A key part of supporting scientists is addressing the long-term lack of women in STEM. Jen Bhantoo, who worked in product development at Johnson Matthey for six years before becoming a technical sales executive for the company, says: “The preconception that STEM is very male-dominated is changing but we still need to dispel that myth, especially at school level. We should be encouraging girls to take up STEM subjects, and that should then translate into industry.” Johnson Matthey invites schools to visit the company, where students can speak to staff about their jobs and experiences, and is keen to get more women into careers in science. “Johnson Matthey is very supportive of women in STEM and has a really good representation of them,” says Amy Kolpin, a senior scientist at the company. “My experience here has always been very positive.”
Communicating the unique advantages of a career in STEM plays an important role in making girls feel confident and enthusiastic about pursuing science.
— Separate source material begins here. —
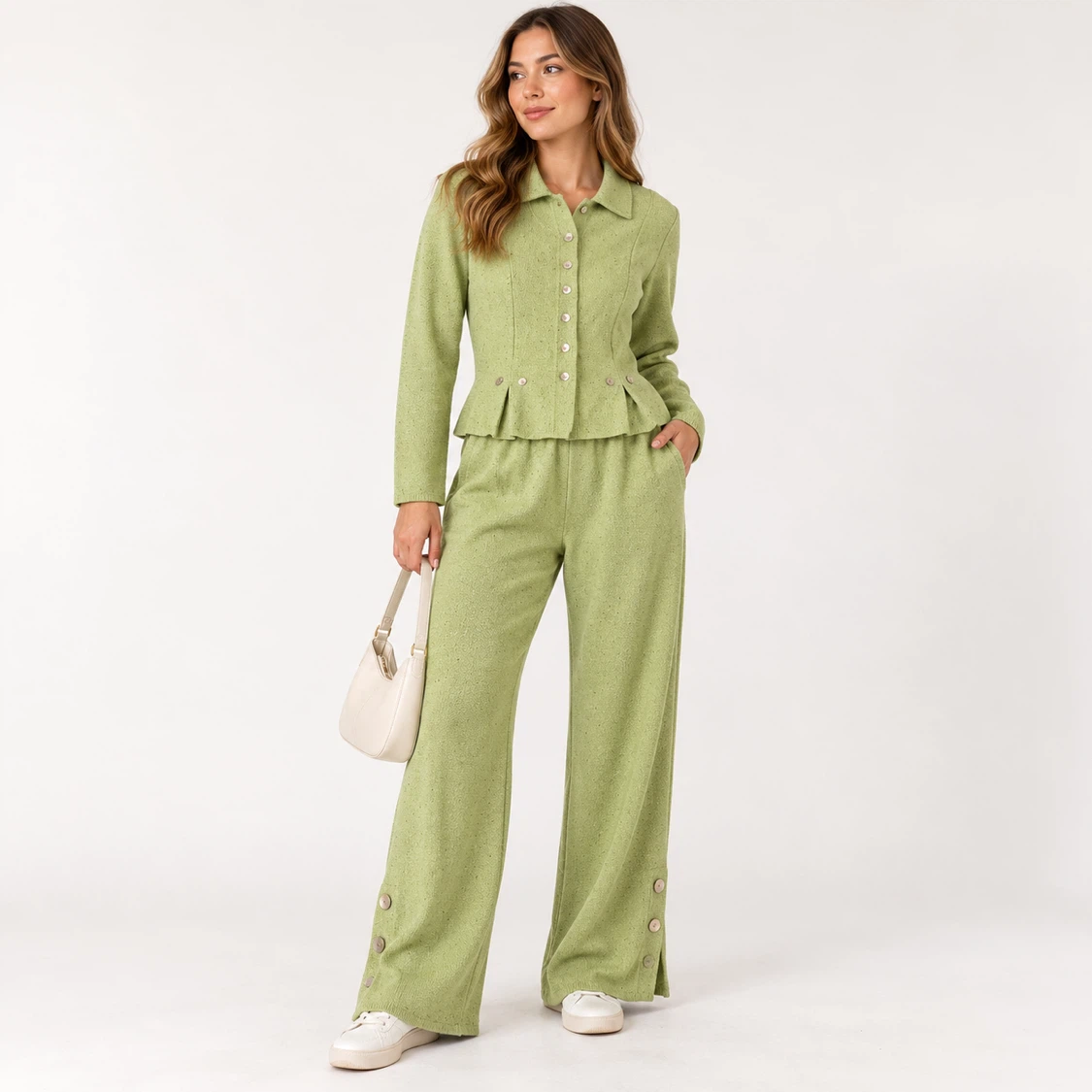 Willow Light Green Two-Piece Set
All four scientists stressed that it’s far from just white coats and laboratories. “I like that my role isn’t constant – it’s always evolving and leading to exciting new areas of science,” says Tugce Erdan, a principal scientist working in advanced characterisation. “Johnson Matthey is very open to new ideas and always encourages people to follow and catch up with the science scenes around the world.”
Sheena Hindocha, who works for Johnson Matthey’s new product introduction group, believes that working in STEM offers things you can’t get in other jobs. “The skills you learn throughout your life as a scientist or an engineer and the way you look at the world are slightly different to the norm, and that opens up so many opportunities to you,” she says. “The only way we’re going to solve some of the challenges the world is facing at the moment, like global warming, is through technology we haven’t yet discovered or created. It’s a really exciting time to be starting a scientific career.”
“WE SHOULD BE ENCOURAGING GIRLS TO TAKE UP STEM SUBJECTS, AND THAT SHOULD THEN TRANSLATE INTO INDUSTRY.”